My critics (who never offer solutions of their own) also argue that we should never enter negotiations with the system. How the hell is that meant to work? Movements need not specify their end and the aims of the AOP are but a beginning. But to say, ‘no talks’ is to guarantee that nothing is ever achieved. It is yet another self-serving avenue to excuse our own inaction. The only way forward, short of global socialism popping up soon, is to alter the balance of power within prisons. Once that is achieved, the system will be forced to talk. And are we meant to send them away? Or are we to sit and negotiate so that prisoners can begin to exercise influence over how we are treated? That is the beginning. History will reveal how it ends.

John Bowden

Ben Gunn’s response illustrates exactly why prisoners should treat the AOP with caution. His position is essentially this: any radical ideas that support the struggle of prisoners in a revolutionary way are foolish and false; violent protests and open resistance are counter-productive and inevitably result in even worse treatment; the only way forward is negotiation with the gaolers. This message is one frequently sent out by those who administer the system – ‘Don’t have anything to do with dangerous and radical ideas; if you openly resist and fight back your punishment will be harsher; bring your grievances to us and we’ll decide whether they’re legitimate or not’.

Gunn says that violent rebellion is only ever justified in self-defence against brutality. What does he imagine it was that provoked prisoners into open rebellion in virtually every single major prison riot? Parkhurst 1969, Hull 1976, Gartree 1972, Strangeways 1990 etc were all provoked by prison officer brutality and violence. Prisoners do not rise up and suffer even greater retributive repression unless the brutality they’re already subjected to becomes unendurable.

While criticising those who embrace a revolutionary analysis, Gunn offers an ideology of his own – a Gandhi-like philosophy of peaceful moral protest.
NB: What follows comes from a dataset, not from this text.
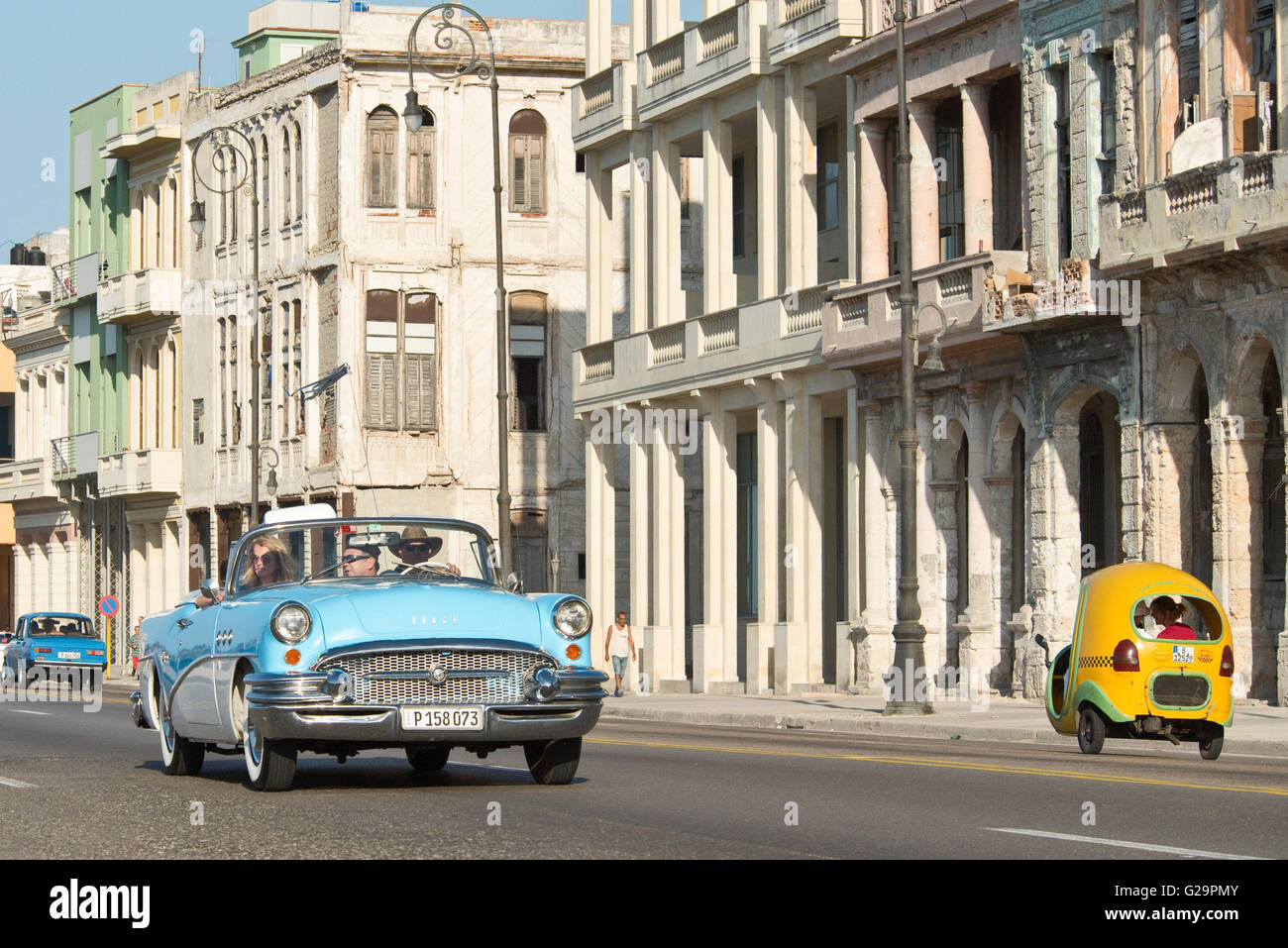 A compressed perspective view of a 1955 Buick Special Convertible and a Coco taxi travelling along the Malecón in Havana, Cuba. Stock Photo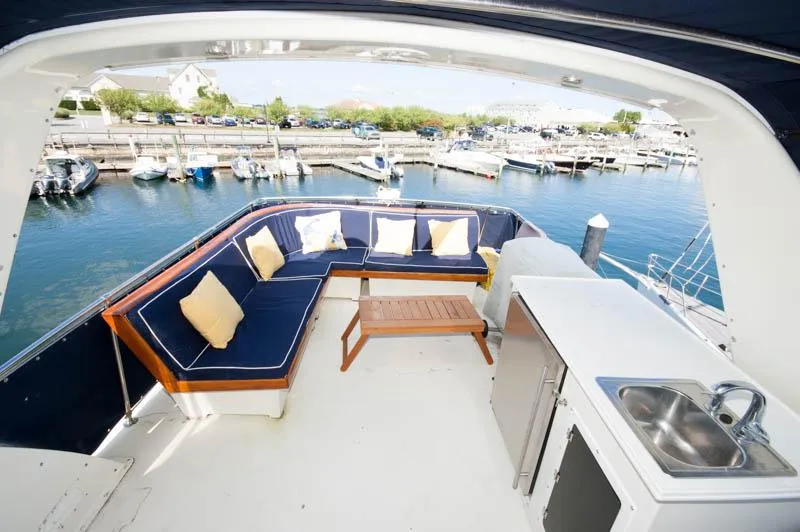 Slide: The Image of 1980 Hatteras 58 Motor Yacht deck with seating, table, and sink, overlooking marina. - 49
Maybe he would tell us how the poor neo-colonised masses of India were liberated from extreme economic poverty and political powerlessness by Gandhi’s peaceful protests, or indeed why Vaclav Havel was feted by the imperialists but never by the poor of Czechoslovakia? The reality is, of course, that the concept of peaceful protest is an absurdity, based on the ridiculous belief that those who wield total power are susceptible to moral persuasion. Apparently prisoners should spontaneously become aware of their common interest, en masse withdraw co-operation and, while infused with ‘people’s power’, seek out negotiation with a morally responsive prison system. Ben understands nothing of the realities of power or political struggle or what prisons truly represent in a society viciously divided by class, wealth and power.

The AOP has nothing to offer prisoners beyond an illustration of how collaboration is often dressed up and disguised as reform.